* To do
Reproduce every line in the listing that contains the word "Photo".

* Provided records
• • • • • • •
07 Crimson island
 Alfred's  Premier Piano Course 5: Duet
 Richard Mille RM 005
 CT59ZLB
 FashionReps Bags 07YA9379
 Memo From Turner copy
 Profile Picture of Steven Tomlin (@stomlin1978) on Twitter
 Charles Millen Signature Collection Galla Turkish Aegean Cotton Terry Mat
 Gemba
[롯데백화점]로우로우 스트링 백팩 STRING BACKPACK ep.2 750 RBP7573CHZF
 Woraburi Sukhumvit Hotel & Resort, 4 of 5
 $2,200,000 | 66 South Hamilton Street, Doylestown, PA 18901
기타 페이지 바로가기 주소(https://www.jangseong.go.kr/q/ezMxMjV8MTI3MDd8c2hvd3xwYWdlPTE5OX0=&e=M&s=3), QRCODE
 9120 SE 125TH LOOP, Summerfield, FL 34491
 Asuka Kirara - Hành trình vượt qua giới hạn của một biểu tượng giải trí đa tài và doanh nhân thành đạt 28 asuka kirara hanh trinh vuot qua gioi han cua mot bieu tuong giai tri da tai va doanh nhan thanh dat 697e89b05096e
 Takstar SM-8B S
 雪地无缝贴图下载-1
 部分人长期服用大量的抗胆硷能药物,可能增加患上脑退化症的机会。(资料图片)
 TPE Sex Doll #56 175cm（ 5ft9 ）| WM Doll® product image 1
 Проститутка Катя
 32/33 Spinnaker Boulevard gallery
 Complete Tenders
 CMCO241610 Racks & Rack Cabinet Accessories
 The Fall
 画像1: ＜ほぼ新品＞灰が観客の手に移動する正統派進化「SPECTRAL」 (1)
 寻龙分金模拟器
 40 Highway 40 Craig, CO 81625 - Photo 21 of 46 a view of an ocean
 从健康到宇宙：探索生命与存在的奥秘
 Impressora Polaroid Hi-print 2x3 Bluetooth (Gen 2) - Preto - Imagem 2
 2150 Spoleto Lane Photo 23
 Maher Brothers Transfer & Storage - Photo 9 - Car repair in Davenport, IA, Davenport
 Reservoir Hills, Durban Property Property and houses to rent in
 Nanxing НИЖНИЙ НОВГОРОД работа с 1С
• • • • • • •
* Result of the exercise
 40 Highway 40 Craig, CO 81625 - Photo 21 of 46 a view of an ocean
 2150 Spoleto Lane Photo 23
 Maher Brothers Transfer & Storage - Photo 9 - Car repair in Davenport, IA, Davenport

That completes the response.